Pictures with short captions

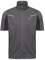 Little Donkey Andy Lightweight Softshell Jackets for Men, Windproof Short Sleeve Sweat Jacket for Hiking, Cycling, Running, Golf, gray, XXL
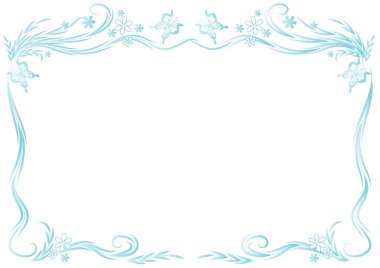 Çiçek arkaplanının vektör çizimi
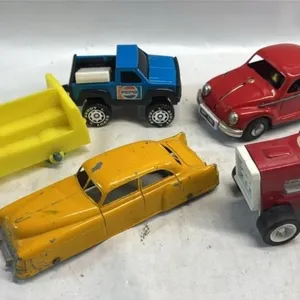 Vintage Toy Car truck tractor Tootsie toy tonka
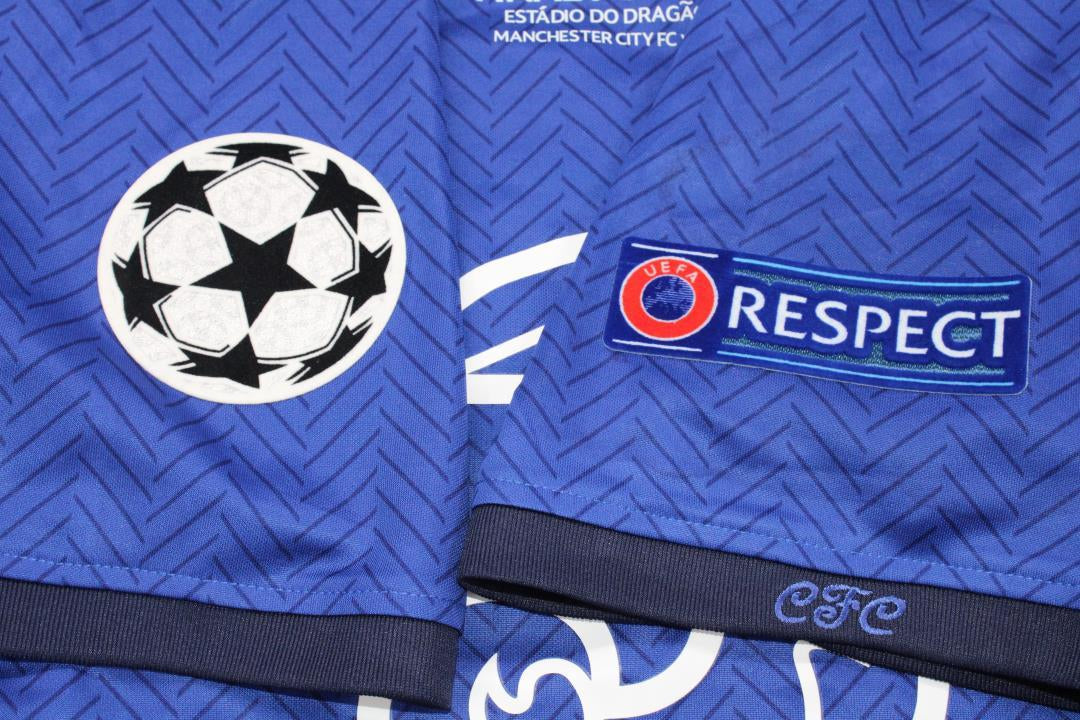 Camisa Retrô Chelsea UCL Final 20/21 "Kanté" Nº 7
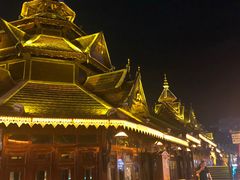 -东南亚风情赶摆街夜市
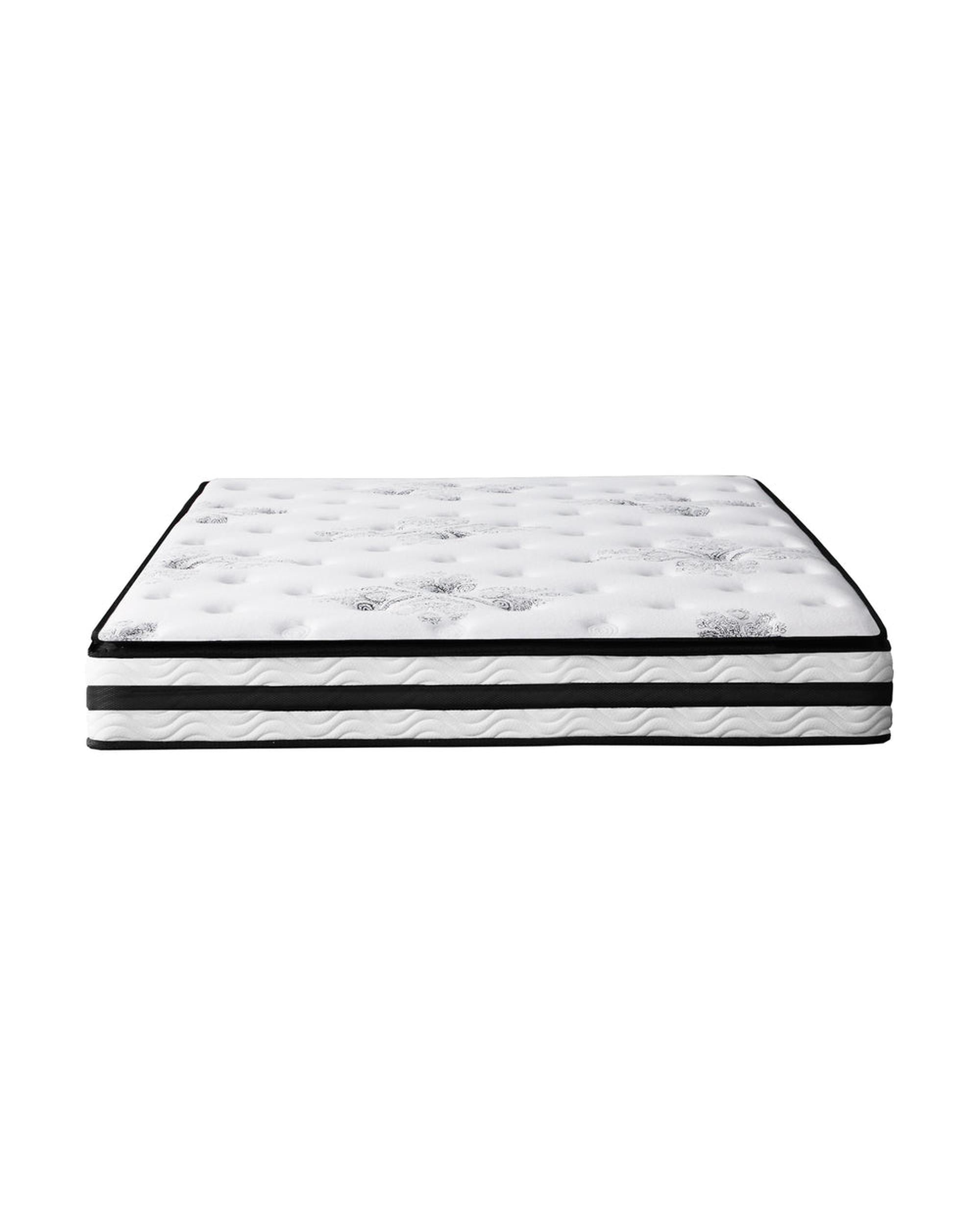Mattress Breathable Luxury Bed Bonnell Spring Foam Medium Firm 22cm Bedra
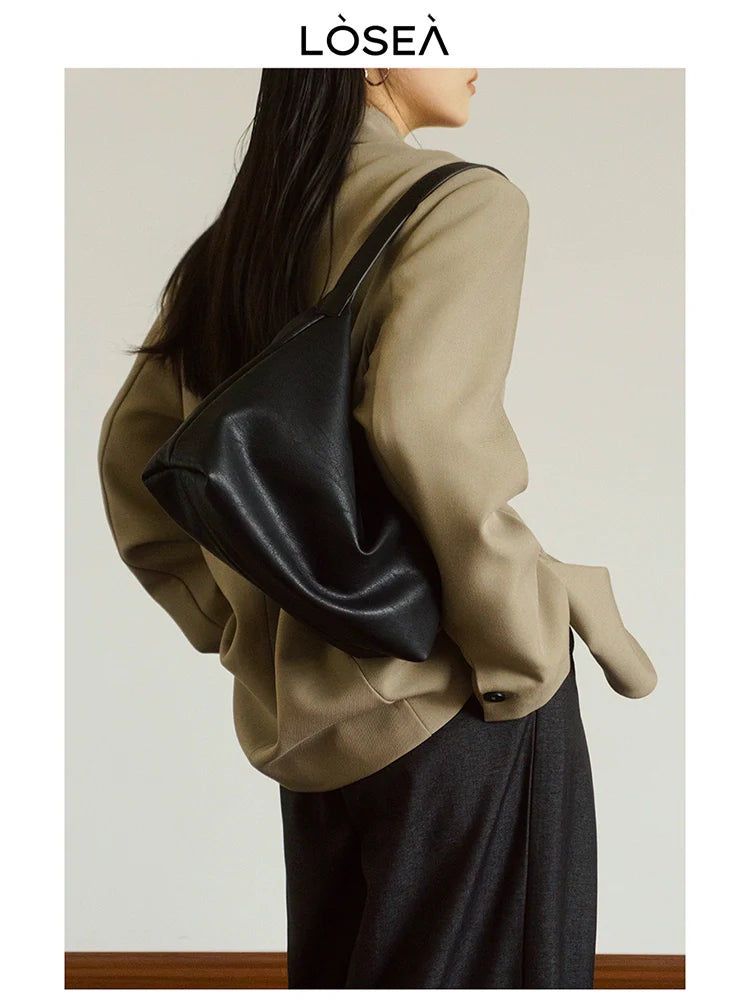 LOSEA New Chinese Minimalist Shoulder Bag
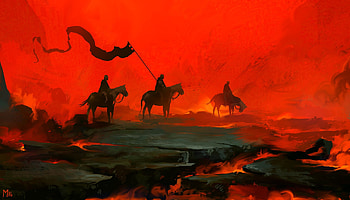 The Last Guardians, artist, artwork, digital-art, behance HD wallpaper
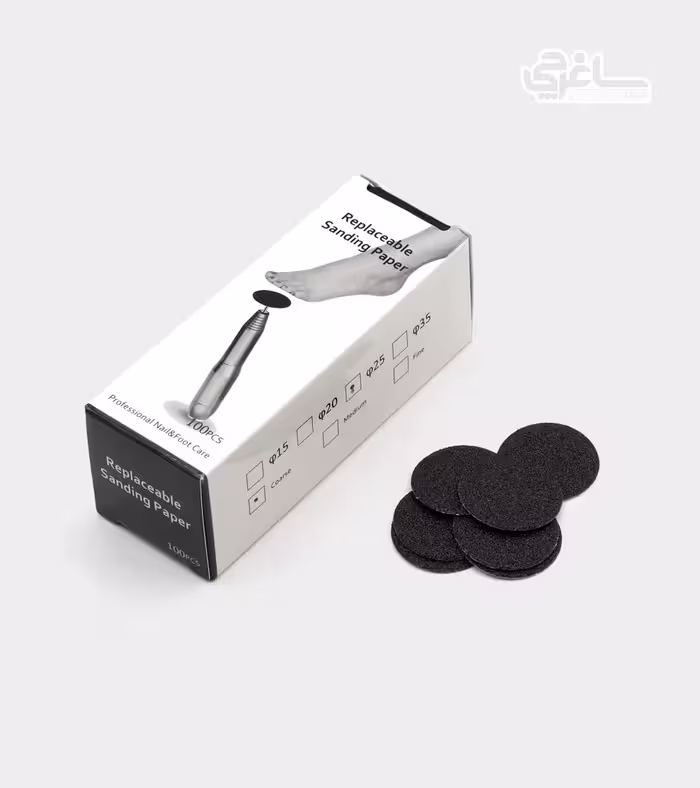 سر سوهان دیسکی پدیکور ناخن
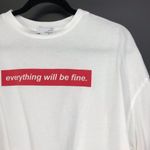 Ten Sixty Sherman  XL Everything Will Be Fine Tee Photo 1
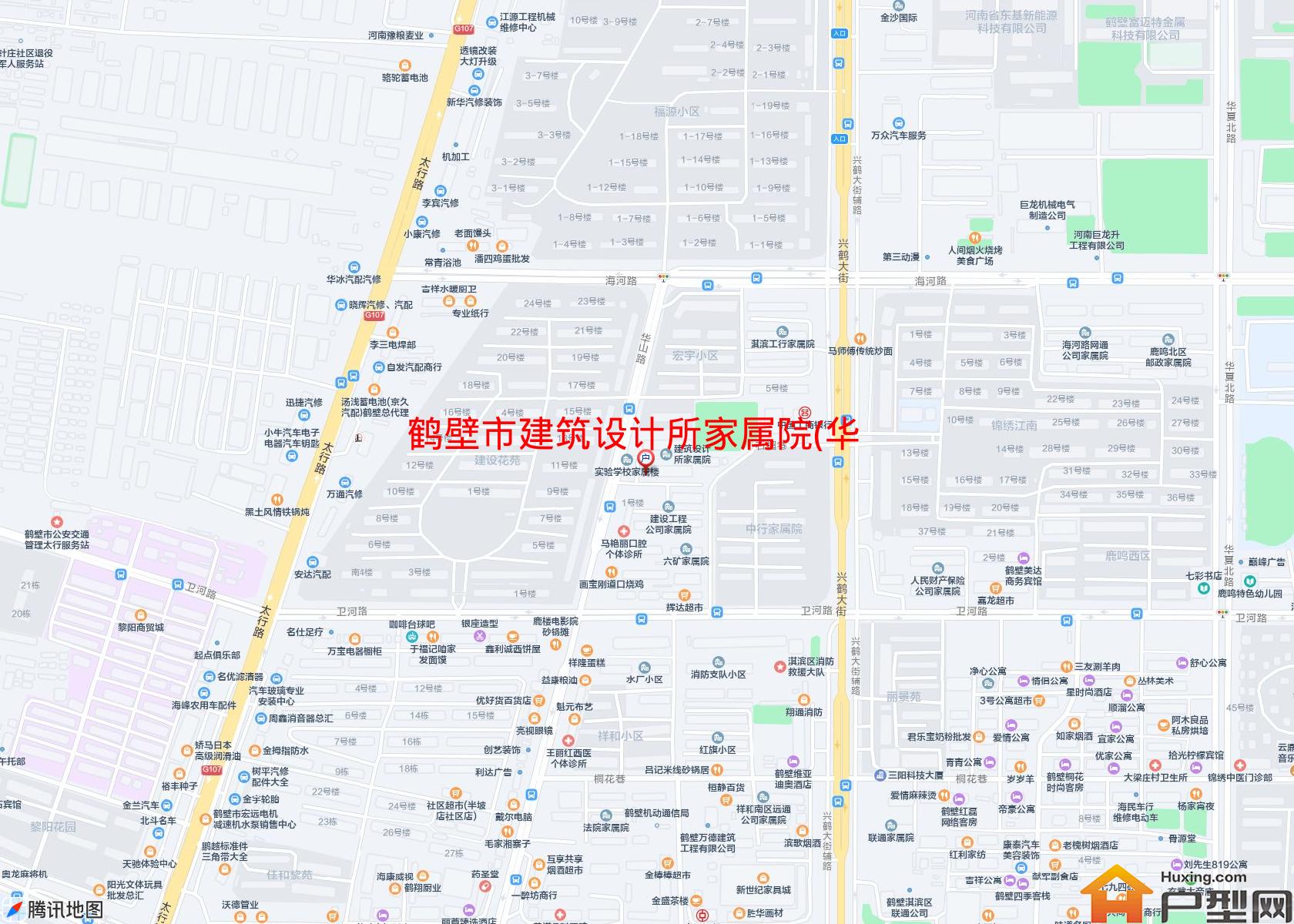 建筑设计所家属院(华山路10号)小区 - 户型网
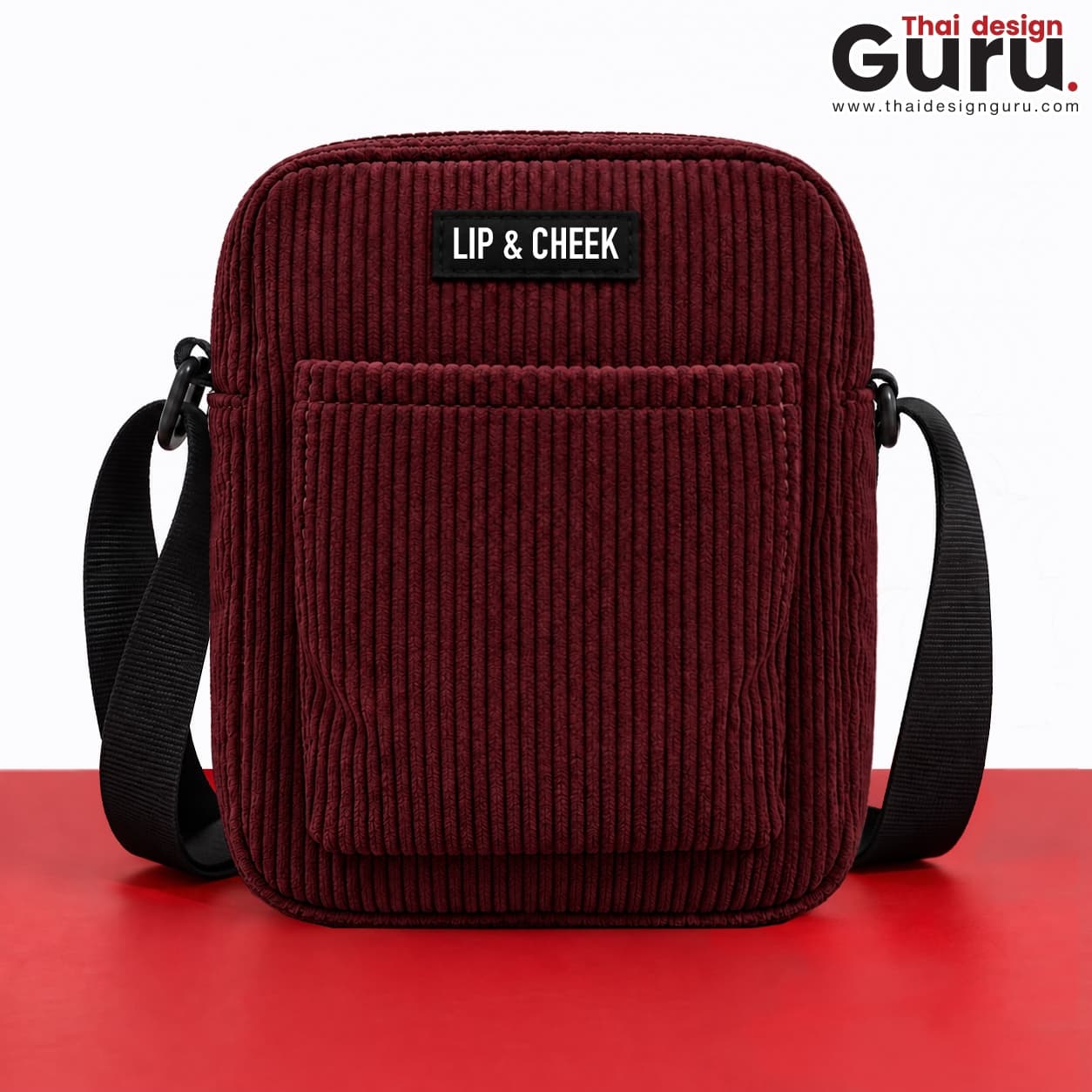 รับทำกระเป๋า Crossbody พิมพ์แบรนด์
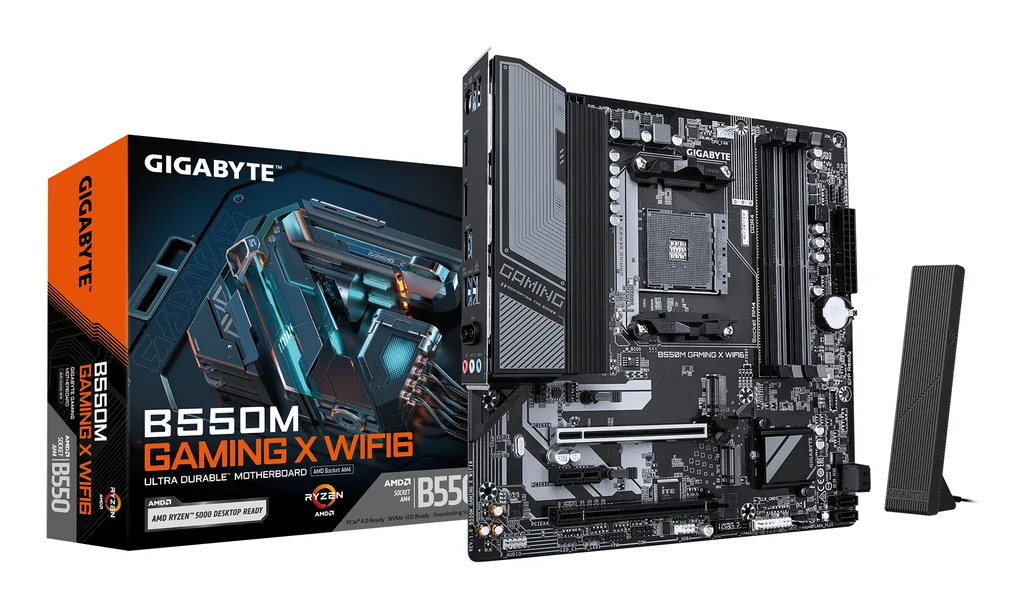 Gigabyte B550M GAMING X WIFI6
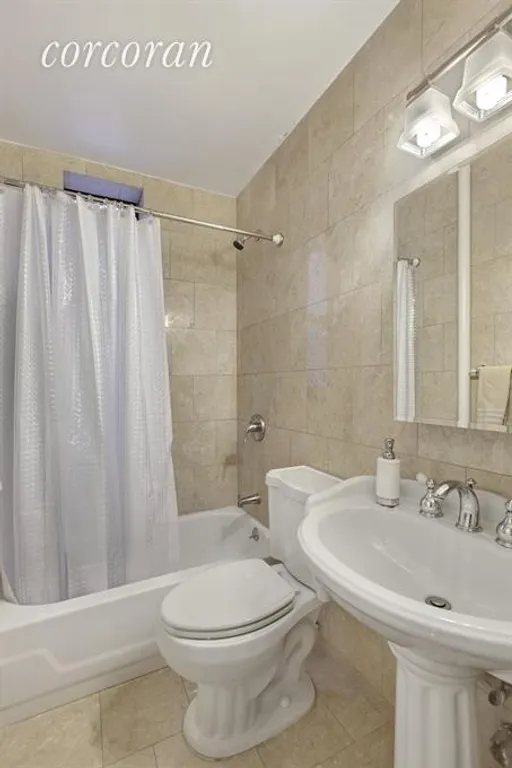 New York City Real Estate | View 26 Butler Place, 35 | Renoavted Bathroom | View 7
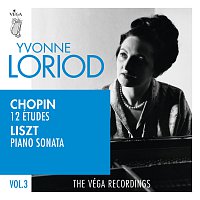 Yvonne Loriod – Chopin: 12 études, Op.25 | Liszt: Piano sonata in B minor, S.178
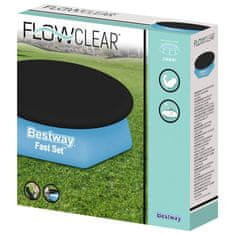 Vidaxl Flowclear pokrivalo za bazen Fast Set 240 cm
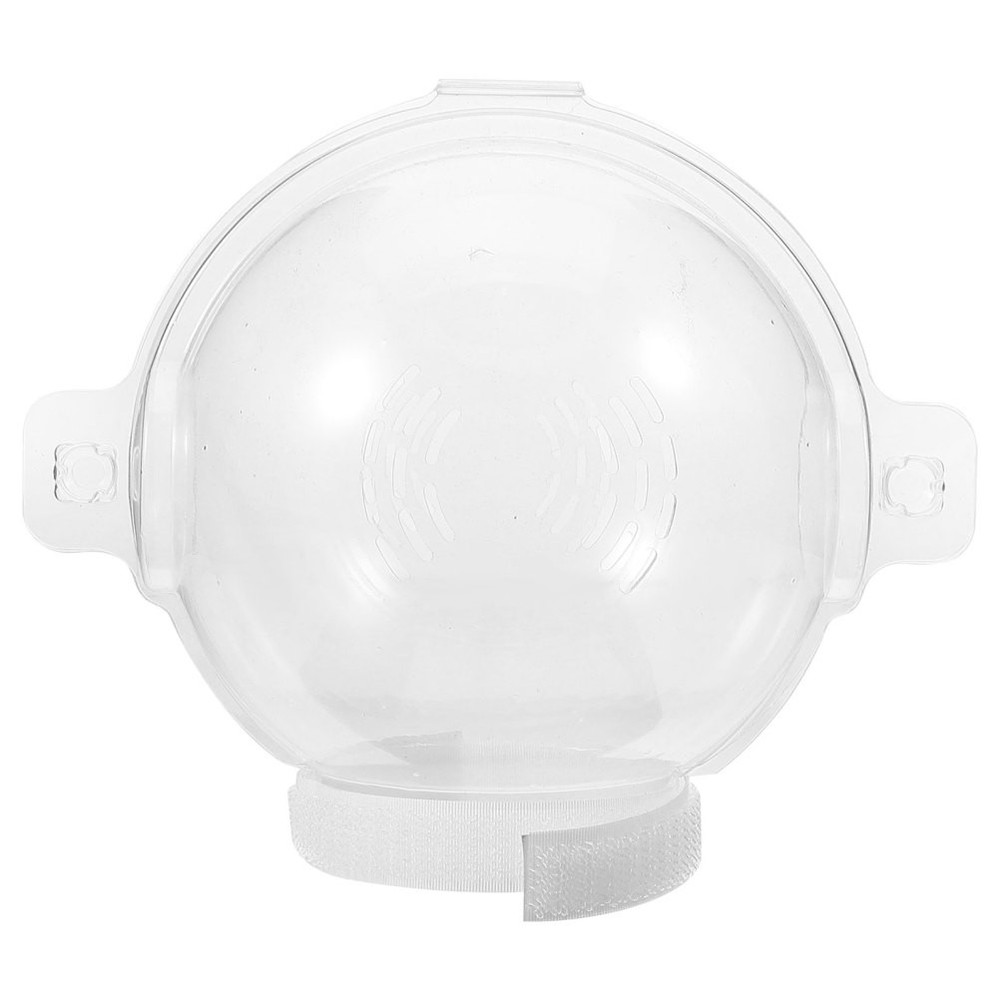 Adjustable Protective Hood Transparent Breathable Cat Muzzle Mesh Mask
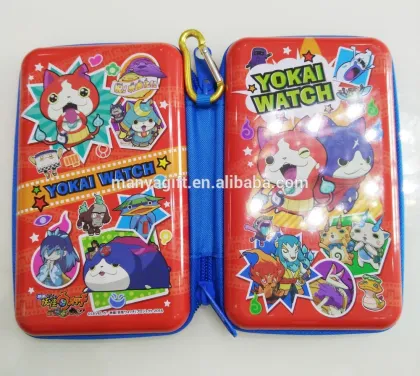 Yokai Watch Tin Zipper Coin Box/Gift Box/ Card Puzzle Box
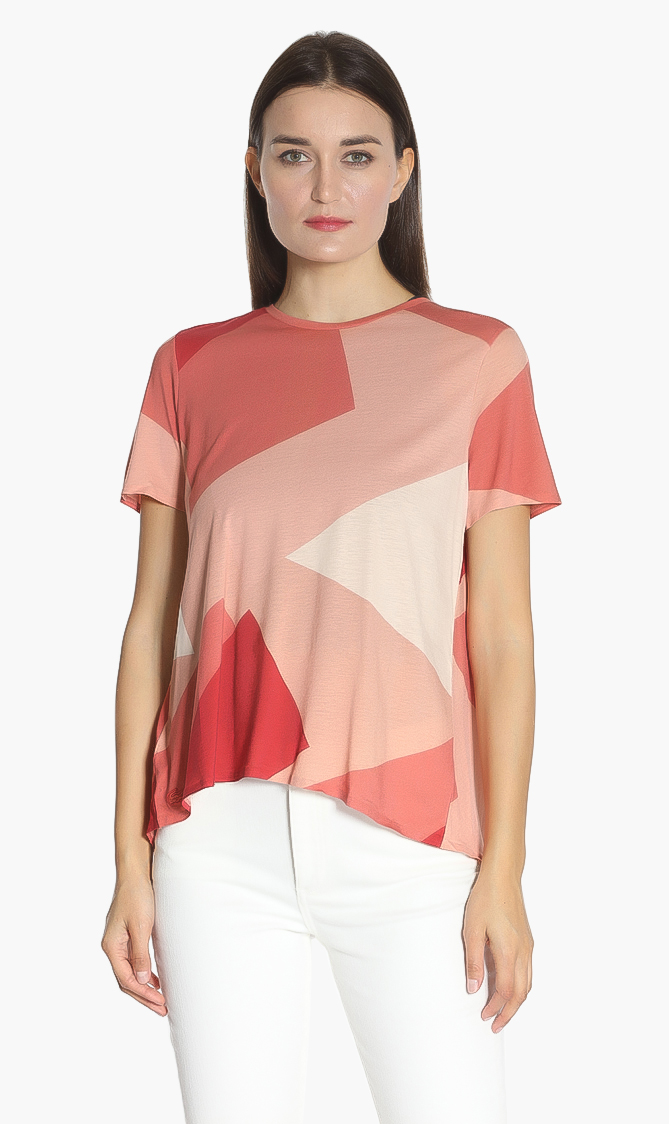

Lacoste Open-back T-shirt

> [TASK TO CARRY OUT]: The result is an exact copy of the lines from the one holding "Adjustable Protective Hood" through the final line of the data above, both ends included, minus the pictures.

> [YOUR RESPONSE]:
 Adjustable Protective Hood Transparent Breathable Cat Muzzle Mesh Mask
 Yokai Watch Tin Zipper Coin Box/Gift Box/ Card Puzzle Box

Lacoste Open-back T-shirt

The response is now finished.